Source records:
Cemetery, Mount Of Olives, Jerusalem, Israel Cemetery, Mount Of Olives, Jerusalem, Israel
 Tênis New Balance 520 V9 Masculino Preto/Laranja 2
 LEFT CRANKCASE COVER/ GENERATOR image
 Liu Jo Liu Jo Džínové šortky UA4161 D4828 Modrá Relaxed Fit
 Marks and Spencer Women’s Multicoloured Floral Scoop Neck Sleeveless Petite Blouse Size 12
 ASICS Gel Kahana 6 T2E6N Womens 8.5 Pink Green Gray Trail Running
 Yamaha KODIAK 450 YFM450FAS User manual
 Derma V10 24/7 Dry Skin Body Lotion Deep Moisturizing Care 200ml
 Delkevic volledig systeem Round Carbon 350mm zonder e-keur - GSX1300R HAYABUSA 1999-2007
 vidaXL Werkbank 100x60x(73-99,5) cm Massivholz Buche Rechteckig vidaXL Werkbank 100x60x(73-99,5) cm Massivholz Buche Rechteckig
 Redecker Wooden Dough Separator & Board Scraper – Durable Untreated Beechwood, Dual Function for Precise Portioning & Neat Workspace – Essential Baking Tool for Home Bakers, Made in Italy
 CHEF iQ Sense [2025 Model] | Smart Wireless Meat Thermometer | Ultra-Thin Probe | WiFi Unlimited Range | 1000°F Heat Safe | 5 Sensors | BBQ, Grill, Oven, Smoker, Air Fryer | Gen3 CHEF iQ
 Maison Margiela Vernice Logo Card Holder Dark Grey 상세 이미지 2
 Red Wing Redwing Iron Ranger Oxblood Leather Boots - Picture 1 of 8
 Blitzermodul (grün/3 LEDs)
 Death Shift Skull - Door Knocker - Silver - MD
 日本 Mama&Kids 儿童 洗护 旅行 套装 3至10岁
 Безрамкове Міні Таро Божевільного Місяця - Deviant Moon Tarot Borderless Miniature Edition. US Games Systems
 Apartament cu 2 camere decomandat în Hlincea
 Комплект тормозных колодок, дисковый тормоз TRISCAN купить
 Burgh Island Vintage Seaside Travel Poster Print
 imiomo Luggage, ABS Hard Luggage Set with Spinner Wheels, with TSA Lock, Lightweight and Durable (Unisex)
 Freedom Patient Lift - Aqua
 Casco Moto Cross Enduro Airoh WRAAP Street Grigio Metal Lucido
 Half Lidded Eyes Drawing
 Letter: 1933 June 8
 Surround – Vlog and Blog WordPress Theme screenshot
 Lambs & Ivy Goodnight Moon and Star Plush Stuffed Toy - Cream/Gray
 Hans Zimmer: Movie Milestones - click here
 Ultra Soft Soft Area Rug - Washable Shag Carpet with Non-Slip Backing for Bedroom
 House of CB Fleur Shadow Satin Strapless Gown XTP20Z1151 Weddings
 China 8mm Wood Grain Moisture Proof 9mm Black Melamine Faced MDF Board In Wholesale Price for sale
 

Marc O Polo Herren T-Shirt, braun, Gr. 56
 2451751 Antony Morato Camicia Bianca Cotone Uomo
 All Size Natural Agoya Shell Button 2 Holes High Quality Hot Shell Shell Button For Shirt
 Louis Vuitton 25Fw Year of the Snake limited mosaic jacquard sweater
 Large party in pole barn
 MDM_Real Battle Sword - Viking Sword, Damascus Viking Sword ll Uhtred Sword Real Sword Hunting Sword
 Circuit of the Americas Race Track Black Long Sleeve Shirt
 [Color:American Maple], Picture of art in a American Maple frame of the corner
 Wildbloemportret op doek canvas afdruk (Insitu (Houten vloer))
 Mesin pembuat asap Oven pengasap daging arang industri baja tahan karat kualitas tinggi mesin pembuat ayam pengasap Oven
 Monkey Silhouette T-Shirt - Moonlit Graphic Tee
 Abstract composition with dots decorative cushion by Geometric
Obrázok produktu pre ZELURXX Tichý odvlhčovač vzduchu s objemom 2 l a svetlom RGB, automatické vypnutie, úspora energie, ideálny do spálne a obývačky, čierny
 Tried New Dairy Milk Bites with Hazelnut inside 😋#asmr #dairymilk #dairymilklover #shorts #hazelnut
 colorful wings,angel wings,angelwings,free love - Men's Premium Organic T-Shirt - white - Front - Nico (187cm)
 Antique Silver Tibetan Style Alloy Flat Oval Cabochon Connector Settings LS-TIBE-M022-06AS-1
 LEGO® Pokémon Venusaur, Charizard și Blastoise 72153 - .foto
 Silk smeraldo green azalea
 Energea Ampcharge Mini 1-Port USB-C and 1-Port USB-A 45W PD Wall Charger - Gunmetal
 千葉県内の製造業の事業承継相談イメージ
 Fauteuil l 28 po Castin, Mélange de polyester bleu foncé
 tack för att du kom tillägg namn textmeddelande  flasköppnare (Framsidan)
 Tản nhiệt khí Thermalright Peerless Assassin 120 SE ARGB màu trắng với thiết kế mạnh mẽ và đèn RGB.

# To do
Write the entries out again exactly.

# Response below
Cemetery, Mount Of Olives, Jerusalem, Israel Cemetery, Mount Of Olives, Jerusalem, Israel
 Tênis New Balance 520 V9 Masculino Preto/Laranja 2
 LEFT CRANKCASE COVER/ GENERATOR image
 Liu Jo Liu Jo Džínové šortky UA4161 D4828 Modrá Relaxed Fit
 Marks and Spencer Women’s Multicoloured Floral Scoop Neck Sleeveless Petite Blouse Size 12
 ASICS Gel Kahana 6 T2E6N Womens 8.5 Pink Green Gray Trail Running
 Yamaha KODIAK 450 YFM450FAS User manual
 Derma V10 24/7 Dry Skin Body Lotion Deep Moisturizing Care 200ml
 Delkevic volledig systeem Round Carbon 350mm zonder e-keur - GSX1300R HAYABUSA 1999-2007
 vidaXL Werkbank 100x60x(73-99,5) cm Massivholz Buche Rechteckig vidaXL Werkbank 100x60x(73-99,5) cm Massivholz Buche Rechteckig
 Redecker Wooden Dough Separator & Board Scraper – Durable Untreated Beechwood, Dual Function for Precise Portioning & Neat Workspace – Essential Baking Tool for Home Bakers, Made in Italy
 CHEF iQ Sense [2025 Model] | Smart Wireless Meat Thermometer | Ultra-Thin Probe | WiFi Unlimited Range | 1000°F Heat Safe | 5 Sensors | BBQ, Grill, Oven, Smoker, Air Fryer | Gen3 CHEF iQ
 Maison Margiela Vernice Logo Card Holder Dark Grey 상세 이미지 2
 Red Wing Redwing Iron Ranger Oxblood Leather Boots - Picture 1 of 8
 Blitzermodul (grün/3 LEDs)
 Death Shift Skull - Door Knocker - Silver - MD
 日本 Mama&Kids 儿童 洗护 旅行 套装 3至10岁
 Безрамкове Міні Таро Божевільного Місяця - Deviant Moon Tarot Borderless Miniature Edition. US Games Systems
 Apartament cu 2 camere decomandat în Hlincea
 Комплект тормозных колодок, дисковый тормоз TRISCAN купить
 Burgh Island Vintage Seaside Travel Poster Print
 imiomo Luggage, ABS Hard Luggage Set with Spinner Wheels, with TSA Lock, Lightweight and Durable (Unisex)
 Freedom Patient Lift - Aqua
 Casco Moto Cross Enduro Airoh WRAAP Street Grigio Metal Lucido
 Half Lidded Eyes Drawing
 Letter: 1933 June 8
 Surround – Vlog and Blog WordPress Theme screenshot
 Lambs & Ivy Goodnight Moon and Star Plush Stuffed Toy - Cream/Gray
 Hans Zimmer: Movie Milestones - click here
 Ultra Soft Soft Area Rug - Washable Shag Carpet with Non-Slip Backing for Bedroom
 House of CB Fleur Shadow Satin Strapless Gown XTP20Z1151 Weddings
 China 8mm Wood Grain Moisture Proof 9mm Black Melamine Faced MDF Board In Wholesale Price for sale
 

Marc O Polo Herren T-Shirt, braun, Gr. 56
 2451751 Antony Morato Camicia Bianca Cotone Uomo
 All Size Natural Agoya Shell Button 2 Holes High Quality Hot Shell Shell Button For Shirt
 Louis Vuitton 25Fw Year of the Snake limited mosaic jacquard sweater
 Large party in pole barn
 MDM_Real Battle Sword - Viking Sword, Damascus Viking Sword ll Uhtred Sword Real Sword Hunting Sword
 Circuit of the Americas Race Track Black Long Sleeve Shirt
 [Color:American Maple], Picture of art in a American Maple frame of the corner
 Wildbloemportret op doek canvas afdruk (Insitu (Houten vloer))
 Mesin pembuat asap Oven pengasap daging arang industri baja tahan karat kualitas tinggi mesin pembuat ayam pengasap Oven
 Monkey Silhouette T-Shirt - Moonlit Graphic Tee
 Abstract composition with dots decorative cushion by Geometric
Obrázok produktu pre ZELURXX Tichý odvlhčovač vzduchu s objemom 2 l a svetlom RGB, automatické vypnutie, úspora energie, ideálny do spálne a obývačky, čierny
 Tried New Dairy Milk Bites with Hazelnut inside 😋#asmr #dairymilk #dairymilklover #shorts #hazelnut
 colorful wings,angel wings,angelwings,free love - Men's Premium Organic T-Shirt - white - Front - Nico (187cm)
 Antique Silver Tibetan Style Alloy Flat Oval Cabochon Connector Settings LS-TIBE-M022-06AS-1
 LEGO® Pokémon Venusaur, Charizard și Blastoise 72153 - .foto
 Silk smeraldo green azalea
 Energea Ampcharge Mini 1-Port USB-C and 1-Port USB-A 45W PD Wall Charger - Gunmetal
 千葉県内の製造業の事業承継相談イメージ
 Fauteuil l 28 po Castin, Mélange de polyester bleu foncé
 tack för att du kom tillägg namn textmeddelande  flasköppnare (Framsidan)
 Tản nhiệt khí Thermalright Peerless Assassin 120 SE ARGB màu trắng với thiết kế mạnh mẽ và đèn RGB.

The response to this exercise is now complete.